**THE DATA**
┌──

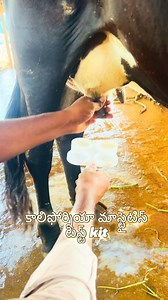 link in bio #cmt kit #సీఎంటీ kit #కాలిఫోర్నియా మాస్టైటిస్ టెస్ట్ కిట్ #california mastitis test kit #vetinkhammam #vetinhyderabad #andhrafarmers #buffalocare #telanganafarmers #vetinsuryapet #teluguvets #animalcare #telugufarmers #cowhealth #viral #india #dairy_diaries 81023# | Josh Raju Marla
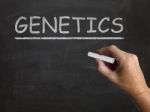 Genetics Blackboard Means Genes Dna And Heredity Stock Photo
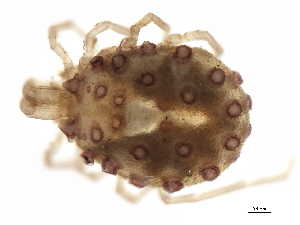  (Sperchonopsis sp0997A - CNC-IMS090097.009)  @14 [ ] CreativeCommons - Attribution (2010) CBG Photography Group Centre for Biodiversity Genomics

└──
┌──

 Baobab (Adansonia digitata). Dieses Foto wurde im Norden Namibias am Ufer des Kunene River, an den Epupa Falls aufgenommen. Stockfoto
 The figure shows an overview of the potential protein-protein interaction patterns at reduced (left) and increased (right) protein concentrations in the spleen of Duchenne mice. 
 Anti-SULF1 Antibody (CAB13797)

└──

Produce a word-for-word copy of everything above from the line holding "The figure shows" down to the line holding "Anti-SULF1 Antibody (CAB13797)", with both of those lines kept.

**RESULT OF THIS EXERCISE**
 The figure shows an overview of the potential protein-protein interaction patterns at reduced (left) and increased (right) protein concentrations in the spleen of Duchenne mice. 
 Anti-SULF1 Antibody (CAB13797)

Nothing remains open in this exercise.